Когда я вернулся к дому Анфисы, верхом на новом коне, она ждала меня на крыльце. Она смотрела, как я легко спрыгнул на землю, как вороной жеребец пританцовывал на месте, нетерпеливо перебирая тонкими ногами.

В ее глазах я не увидел ни сожаления о прошедшей ночи, ни ожидания обещаний. Лишь тихое, теплое восхищение.

— Кажется, — сказала она, и в ее голосе прозвучала легкая грусть, — теперь вы готовы ехать.

— Пора, — кивнул я. — Но я вернусь.

Это не было обещанием. Это было утверждением.

Вновь вскочив в седло, я тронул поводья. Буран, выгнув шею, плавно перешел на рысь. Я не оглядывался, но чувствовал ее взгляд, провожавший меня, пока стук копыт не затих за поворотом. Игната я отправил домой своим ходом еще раньше, прямо от имения Алабина.

Путь домой лежал через весь город. Я ехал не спеша, с прямой спиной, чувствуя под собой упругую мощь коня. Я был не просто мужиком в господском платье. Я был всадником.

Навстречу мне ехала крестьянская телега, и возница почтительно посторонился, давая дорогу, и при этом глядя на меня со смесью страха, зависти и уважения. Пора выходит на новый уровень!

* * *

Пермский генерал-губернатор, его превосходительство Алексей Петрович Волков, человек умный, усталый и давно познавший тщету человеческих амбиций, разбирал очередную кипу донесений.

— Что там еще? — лениво спросил он своего адъютанта.

— Пустяки, ваше превосходительство, — Верхотуров подал ему лист гербовой бумаги. — Купец второй гильдии Ерофеев из Кунгура жалуется на некоего простолюдина, что якобы опутал злыми чарами вашего покорного слугу.

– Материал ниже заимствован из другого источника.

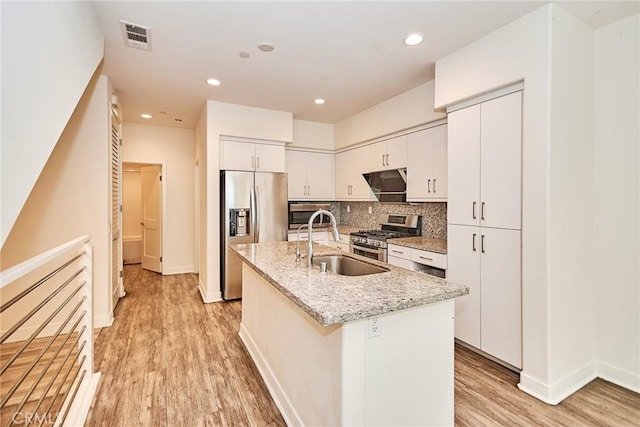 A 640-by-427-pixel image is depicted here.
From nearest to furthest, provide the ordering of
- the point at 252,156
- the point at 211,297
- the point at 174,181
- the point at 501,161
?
the point at 501,161
the point at 211,297
the point at 252,156
the point at 174,181

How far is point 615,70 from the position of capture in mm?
2268

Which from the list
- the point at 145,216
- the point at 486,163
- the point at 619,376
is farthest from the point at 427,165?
the point at 145,216

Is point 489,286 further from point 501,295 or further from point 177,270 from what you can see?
point 177,270

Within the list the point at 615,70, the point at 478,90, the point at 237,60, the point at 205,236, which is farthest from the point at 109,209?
the point at 615,70

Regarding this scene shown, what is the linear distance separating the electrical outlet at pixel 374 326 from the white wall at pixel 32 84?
156 cm

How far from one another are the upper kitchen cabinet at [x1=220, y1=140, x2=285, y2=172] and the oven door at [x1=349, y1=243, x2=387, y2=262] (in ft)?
5.12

Губернатор пробежал глазами по витиеватым строчкам, полным раболепных заверений и плохо скрытой злобы.

— Поручик, — он поднял на адъютанта тяжелый, проницательный взгляд. — Я ценю вашу преданность и острый ум. Но что, черт возьми, за истории доходят до меня из этого вашего Кунгурского уезда? Что за мужик смог «затмить вам разум» до такой степени, что о вашем здравии печется этот торгаш?

Илья Васильевич не смутился. Он ждал такого вопроса.

— Место там, ваше превосходительство, необычное. Я бы даже сказал — уникальное, — спокойно ответил он. — И люди там появляются под стать месту. Я позволил себе на свои средства приобрести там небольшой участок леса. Для опытов.

— Опытов? — в голосе губернатора прозвучал интерес. — Какого рода?

Вместо ответа Верхотуров сделал короткий, едва заметный жест рукой. На массивном письменном столе, в шаге от локтя губернатора, лежало тяжелое металлическое перо для бумаг. Оно дрогнуло. Медленно, противоестественно, нарушая все законы физики, оно проехало по полированному дереву пару дюймов и замерло.

Губернатор отшатнулся в кресле. Его усталость как рукой сняло.

— Что… это было? — выдохнул он.

— Это, ваше превосходительство, результат посещения того самого леса, — ровным голосом пояснил Верхотуров. — Там, в земле, таится сила. Дар. Но он слеп и дик. А тот простолюдин, Михаил, о котором пишет купец… он единственный, кто понимает природу этой силы. Он проводник. Наставник.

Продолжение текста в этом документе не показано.